Я отдал хорошо отработанный мысленный приказ, активировавший мою энтопическую систему. Имплантат послал визуальные и тактильные импульсы, необходимые для полного воплощения имитации-имаго Кати, извлеченного из мозга корабля. Яркие круги и перекрещенные линии вторглись в поле зрения, затем сцепились, уплотнились и сформировали в итоге мою жену - холодную и безжизненную, но внешне настоящую. Высветились, а затем исчезли значки авторского права, указывающие на компанию-изготовитель инплантата. Я поместил энтопический призрак поверх унылого корпуса слуги - небольшие размеры дрона позволили ему с легкостью уместиться внутри пространства, занимаемого телом Кати. Прямые серебристые волосы обрамляли ее узкое бледное лицо, черные губы были поджаты, как у куклы, а глаза смотрели сквозь меня. Сцепленные кисти рук выглядывали из длинной красной мантии с капюшоном, плечо которой украшала эмблема генетиков-миксмастеров - пара ладоней, держащая "кошкину колыбель" ДНК. Моя жена была генетиком до мозга костей. На Йеллоустоне, где основным вероучением являлась кибернетика, это фактически сделало ее изгоем.
Когда порожденная главным мозгом программа взяла на себя контроль, Катя оживилась и расцвела улыбкой. И теперь ее рука потянулась, чтобы схватить кувшин.
- Хранилище данных наскучило мне, дорогой.
- Мне от всего этого не по себе, - признался я. - Катя - моя настоящая Катя - презирала саму мысль о тебе. Эта иллюзия причинила бы ей особую боль.
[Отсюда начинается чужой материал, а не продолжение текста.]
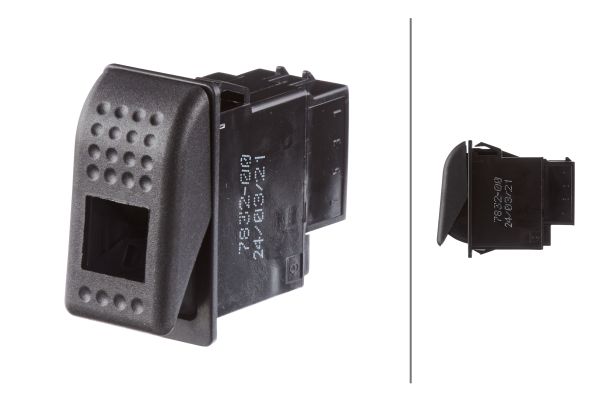 jungiklis - 6EH 007 832-001 HELLA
- Меня это не тревожит, - сказала Катя.
- А должно, - произнес я. - Разве твоим личностям не следует быть одинаковыми?
Она улыбнулась, словно ставя точку в этом вопросе. До чего же это было похоже на живую Катю - и раздражало не меньше.
- Мне так кажется, - сказал я неуверенно.
Имаго было создано вопреки желаниям моей настоящей жены. Когда плавящая чума обрушилась на нас, я увидел в этом корабле свой шанс на спасение. Кате не удалось стать членом экипажа, и поэтому я стал исподтишка оцифровывать личность своей жены. Имплантат выполнил всю тяжелую работу. Он составлял карту поведения Кати всякий раз, когда мы были вместе, изучая ее через каналы моих собственных чувств. Имитация росла медленно, ограниченная объемом памяти имплантата. Однако каждый день я загружал в главный мозг Института очередную частичку жены, следуя этой процедуре неделю за неделей. Я не сомневался: Катя что-то подозревает, хотя она никогда никоим образом не упоминала об этом.
Закончив свою тайную работу, я привил копию к разуму корабля. Ей, конечно, не хватало Катиных воспоминаний, однако мне пришлось заплатить эту цену, а также смириться с риском, что вместо них будут подставлены фрагменты, выловленные из моих собственных воспоминаний и обработанные системными программами гендерной инверсии. Личность Кати брала на себя контроль лишь в те моменты, когда я находился в контакте с кораблем. У меня не было никаких сомнений в том, что и другие члены экипажа обзавелись воображаемыми спутниками. Взаимодействуя с судном, они тоже могли общаться со своими близкими, а точнее, с неким идеализированным представлением о любимом человеке.